SPIELBERG – Pembalap Tim Movistar Yamaha, Valentino Rossi, mengaku bahwa MotoGP 2018 merupakan salah satu musim yang tersulit di sepanjang karier balapannya selama ini. Hal itu terjadi lantaran buruknya performa motor YZR-M1 miliknya yang tak kunjung diperbaiki oleh tim pabrikan asal Jepang tersebut.
Padahal, Rossi sudah meminta perbaikan terhadap kinerja motornya, terutama pada bagian elektronik, sejak setahun yang lalu. Akan tetapi, Yamaha tak juga mampu memenuhi permintaan sang pembalap.

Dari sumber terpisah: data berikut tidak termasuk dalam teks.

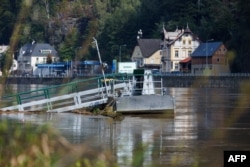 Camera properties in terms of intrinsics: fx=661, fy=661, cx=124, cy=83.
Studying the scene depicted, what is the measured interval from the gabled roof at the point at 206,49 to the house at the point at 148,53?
38.1ft

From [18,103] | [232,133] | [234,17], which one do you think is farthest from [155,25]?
[232,133]

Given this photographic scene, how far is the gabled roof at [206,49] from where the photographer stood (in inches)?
3189

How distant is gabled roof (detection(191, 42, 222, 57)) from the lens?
81012 millimetres

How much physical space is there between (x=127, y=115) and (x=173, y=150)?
9998mm

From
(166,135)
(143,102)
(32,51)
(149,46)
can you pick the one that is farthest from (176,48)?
(166,135)

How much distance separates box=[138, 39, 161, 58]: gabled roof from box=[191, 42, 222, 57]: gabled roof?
11418 mm

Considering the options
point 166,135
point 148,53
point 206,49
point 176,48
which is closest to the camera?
point 166,135

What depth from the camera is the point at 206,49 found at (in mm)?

Alhasil, hingga MotoGP sudah memasuki paruh kedua musim, The Doctor –julukan Rossi– belum juga merasakan podium pertamanya.
MotoGP 2018 ternyata mengingatkan Rossi dengan apa yang terjadi pada Yamaha pada MotoGP 2004, di mana pada musim tersebut pembalap berpaspor Italia itu juga merasakan bahwa Yamaha sedang berada di situasi yang buruk. Bahkan, Rossi menyebut bahwa musim 2004 lebih buruk ketimbang saat ini.